Every year the Council on Biblical Manhood and Womanhood (CBMW) hosts a small banquet the night before ETS to engage and encourage complementarian scholarship. It is always such a rich time of fellowship and discussion with likeminded brothers and sisters. I first attended one of these when I was a Ph.D. candidate myself many years ago, and I am pleased that we are still able to continue this event. Jim Hamilton delivered a homerun of an address titled “Marx Has Won the Culture, but He Won’t Win the War.” It will be appearing in the Spring issue of Eikon. Keep your eyes peeled for that one.

3. Panel on John Piper’s Book What Is Saving Faith?
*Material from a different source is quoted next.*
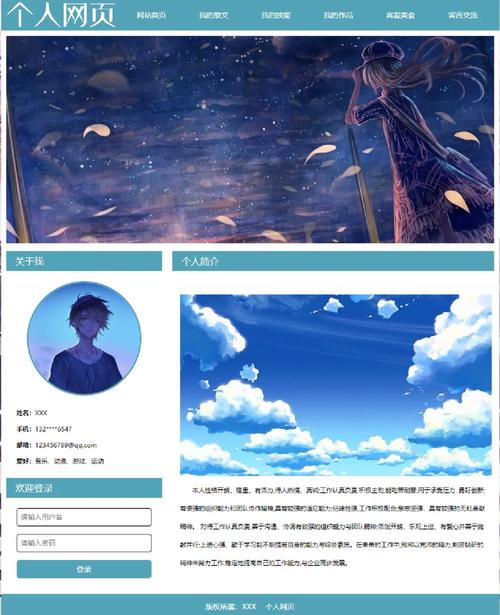 网页设计个人主页模板html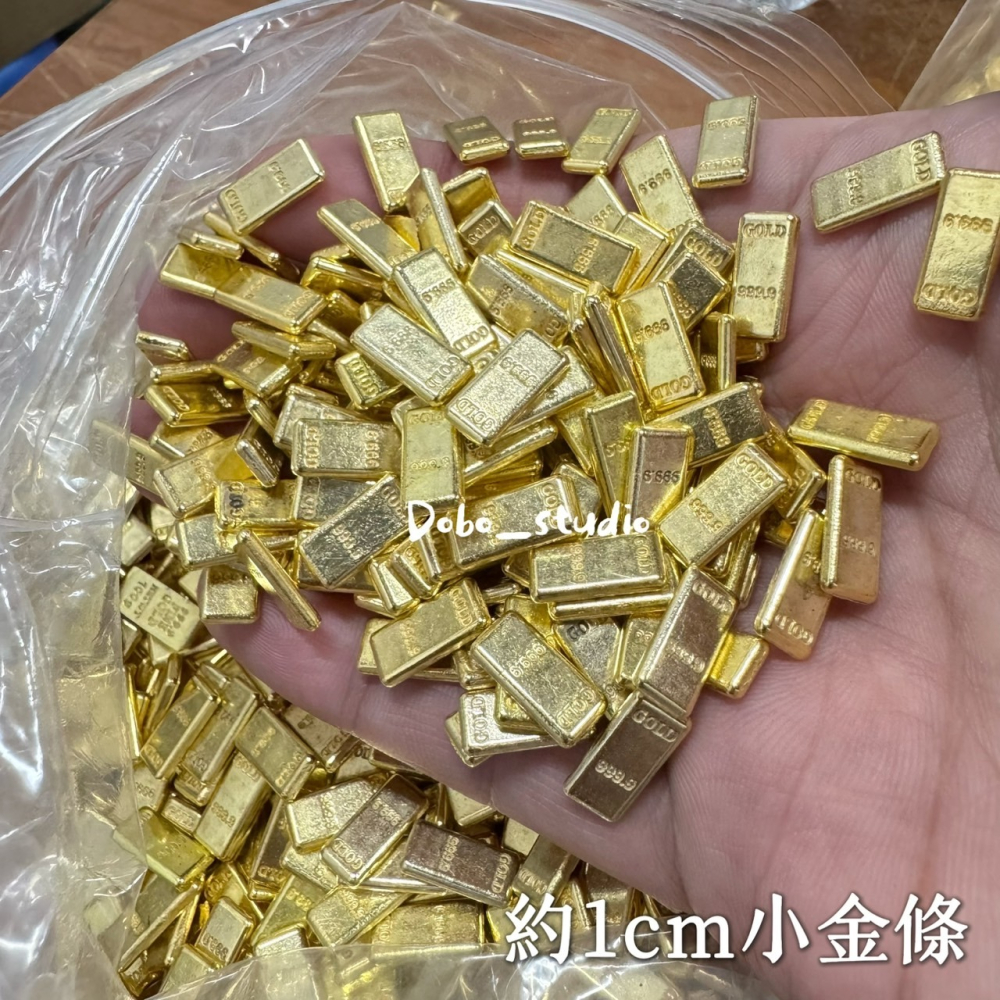 鳥我一下好嗎🍀沙金元寶 實心元寶 聚寶盆配件 小金元寶 合金 招財缸配件 招財小金條 元寶裝飾 財位 招財金元寶 金條-細節圖3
This was the only session that I planned to listen to from start to finish, and I did. There has been some controversy around Piper’s recent book What Is Saving Faith? Reflections on Receiving Christ as a Treasure (Crossway, 2022). I won’t rehearse it all here, but some critics have charged Piper with adopting a view of faith that is more akin to Roman Catholicism than to Reformed Protestantism. Because Piper includes an affectional element in his definition of faith, he undermines sola fide. That’s the gist of the criticism anyway.

I came with an open mind and heart wanting to hear from both sides to find out who could make the most persuasive case from Scripture. John Piper presented his case first, and then Guy Waters and J. V. Fesko responded with substantial critiques. Waters focused his critique on Piper’s reading of Scripture, and Fesko focused his on Piper’s use of historical sources. Joe Rigney moderated a spirited and respectful discussion after the three papers.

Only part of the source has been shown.